The Mysteries of Religion Produce Credulity

Hanover Historical Texts Project
Baron D'Holbach,
Good Sense: or, Natural Ideas Opposed to Supernatural; being a Translation from a Work Called "Le Bon Sens"
corrected and carefully revised by H. D. Robinson

(Boston: J. P. Mendum, 1856) Page 9

Scanned by Aaron Gulyas, February, 1998.

HE who from infancy, has habituated himself to tremble when he hears pronounced certain words, requires those words and needs to tremble. lie is therefore more disposed to listen to one, who entertains him in his fears, than to one, who dissuades him from them. The superstitious man wishes to fear; his imagination demands it; one might say that he fears nothing so much, as to have nothing to fear.

Men are imaginary invalids, whose weakness empirics are interested to encourage, in order to have sale for their drugs. They listen rather to the physician, who prescribes a variety of remedies, than to him who recommends good regimen, and leaves nature to herself.

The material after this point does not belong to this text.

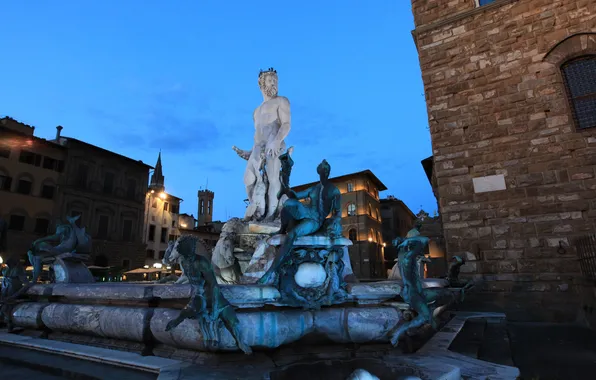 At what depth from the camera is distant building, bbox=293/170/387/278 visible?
3428 centimetres

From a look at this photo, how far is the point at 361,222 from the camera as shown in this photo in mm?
35031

If religion were more clear, it would have less charms for the ignorant, who are pleased only with obscurity, terrors, fables, prodigies and things incredible. Romances, silly stories, and tales of ghosts and wizards, are more pleasing to vulgar minds than true histories.

In point of religion, men are only great children. The more a religion is absurd, and filled with wonders, the greater ascendency it acquires over them. The devout man thinks himself obliged to place no bounds to his credulity; the more things are inconceivable, they appear to him divine; the move they are incredible, the greater merit he imagines there is in believing them.